The blacklist didn't demonstrate Anthropic could be punished. It demonstrated Anthropic was already inside the supply chain.
The Valuation
The market priced what the state couldn't quit. When the dispute went public in February, VC interest in Anthropic was at $380B. By mid-April, with the lawsuit pending and Mythos newly restricted to forty partners, offers reached $800B. On April 24, Forge Global's secondary-market price implied a $1 trillion valuation — passing OpenAI's $880B on the same exchange.
OpenAI still generates more revenue and dominates daily coverage. But by April the secondary markets had stopped pricing OpenAI as the more valuable AI company. The reason is structural. Revenue is the present. Institutional dependency is the future. The Pope does not call OpenAI. The FSB does not call OpenAI. The NSA buys general-purpose AI services from OpenAI; for the work of finding zero-days in deployed software, the NSA buys Mythos. The trillion-dollar valuation priced the institutional traffic — what comes after the consumer-AI revenue race ends.
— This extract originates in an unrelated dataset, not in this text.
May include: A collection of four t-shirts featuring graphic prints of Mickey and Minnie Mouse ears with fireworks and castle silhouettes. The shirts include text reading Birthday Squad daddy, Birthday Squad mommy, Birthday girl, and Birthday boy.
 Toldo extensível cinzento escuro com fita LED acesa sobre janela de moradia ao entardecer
What the Designation Was For
Every system has an original purpose. The DOD's supply chain risk framework was built to keep American military procurement out of Chinese-controlled or otherwise compromised suppliers. The label was designed to push companies out of the supply chain. When the Pentagon used it on an American AI lab, the framework did something it had never done before: it sorted the lab into a category that confirmed centrality rather than enforced exclusion. To be a supply chain risk to the US national-security apparatus, a company has to first be in the supply chain.
Each phase looked like an ending. The blacklist was supposed to end Anthropic's federal trajectory. It became a sorting step. The lawsuit was supposed to be the last resort. It became an institutional positioning event. The April Mythos restriction was supposed to limit access. It turned Anthropic's safety governance into the architecture by which the federal government, the FSB, and the Vatican identify the company they trust. Not because anyone wanted that outcome. Because the conditions changed: when Mythos's cyber capabilities crossed a threshold no other lab had reached, the cost of routing around Anthropic became higher than the cost of accepting its terms.
The Catholic Church, an institution that thinks in centuries, has chosen the AI lab whose moral framework most resembles its own — not as audience for the encyclical but as participant. The FSB, which coordinates central banks against systemic risk, has identified its first AI counterparty. The Pentagon, which called Anthropic a supply chain risk in February, is now deploying its model across the US government. The risk designation was correct. It just described the supplier the state cannot replace.